[Mesa-dev] [PATCH] mesa/st: provide native integers implementation of ir_unop_any

Thu May 8 06:18:26 PDT 2014

Previously, ir_unop_any was implemented via a dot-product call, which
uses floating point multiplication and addition. The multiplication was
completely pointless, and the addition can just as well be done with an
or. Since we know that the inputs are booleans, they must already be in
canonical 0/~0 format, and the final SNE can also be avoided.
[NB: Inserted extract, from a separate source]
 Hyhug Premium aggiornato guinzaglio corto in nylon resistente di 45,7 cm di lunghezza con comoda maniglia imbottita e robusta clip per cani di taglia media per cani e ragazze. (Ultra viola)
Signed-off-by: Ilia Mirkin <imirkin at alum.mit.edu>
---

I need to take this through a full piglit run, but the basic tests seem to
work out as expected. This is the result of a compilation of
fs-op-eq-mat4-mat4:

FRAG
PROPERTY FS_COLOR0_WRITES_ALL_CBUFS 1
DCL OUT[0], COLOR
DCL CONST[0..7]
DCL TEMP[0..4], LOCAL
IMM[0] FLT32 {    0.0000,     1.0000,     0.0000,     0.0000}
  0: MOV TEMP[0].yzw, IMM[0].xxxx
  1: FSNE TEMP[1], CONST[4], CONST[0]
  2: OR TEMP[1].x, TEMP[1].xxxx, TEMP[1].yyyy
  3: OR TEMP[1].y, TEMP[1].zzzz, TEMP[1].wwww
  4: OR TEMP[1].x, TEMP[1].xxxx, TEMP[1].yyyy
  5: FSNE TEMP[2], CONST[5], CONST[1]
  6: OR TEMP[2].x, TEMP[2].xxxx, TEMP[2].yyyy
  7: OR TEMP[2].y, TEMP[2].zzzz, TEMP[2].wwww
  8: OR TEMP[2].x, TEMP[2].xxxx, TEMP[2].yyyy
  9: FSNE TEMP[3], CONST[6], CONST[2]
 10: OR TEMP[3].x, TEMP[3].xxxx, TEMP[3].yyyy
 11: OR TEMP[3].y, TEMP[3].zzzz, TEMP[3].wwww
 12: OR TEMP[3].x, TEMP[3].xxxx, TEMP[3].yyyy
 13: FSNE TEMP[4], CONST[7], CONST[3]
 14: OR TEMP[4].x, TEMP[4].xxxx, TEMP[4].yyyy
 15: OR TEMP[4].y, TEMP[4].zzzz, TEMP[4].wwww
 16: OR TEMP[4].x, TEMP[4].xxxx, TEMP[4].yyyy
 17: OR TEMP[1].x, TEMP[1].xxxx, TEMP[4].xxxx   <---
 18: OR TEMP[1].x, TEMP[1], TEMP[3].xxxx        <---
 19: OR TEMP[1].x, TEMP[1], TEMP[2].xxxx        <---
 20: NOT TEMP[1].x, TEMP[1].xxxx
 21: AND TEMP[0].x, TEMP[1].xxxx, IMM[0].yyyy
 22: MOV OUT[0], TEMP[0]
 23: END

The three instructions with arrows are the result of my new logic. I wonder if
it's cause for concern that I'm not setting a swizzle mask on the
src... probably a bit, but it works out here. Is there a "writemask ->
swizzle" converter somewhere? The old instructions would have been

DP4 TEMP[1], TEMP[1], TEMP[1]
SNE TEMP[1], TEMP[1], IMM[0] ( == 0.0)

Or something along those lines. While 1 instruction less in TGSI, at least
nv50/nvc0 are scalar and would have had to implement DP4 as

mul
mul-add
mul-add
mul-add

versus the much more scalar-friendly OR's (in addition to the final SNE being
gone).

 src/mesa/state_tracker/st_glsl_to_tgsi.cpp | 75 ++++++++++++++++++++----------
 1 file changed, 51 insertions(+), 24 deletions(-)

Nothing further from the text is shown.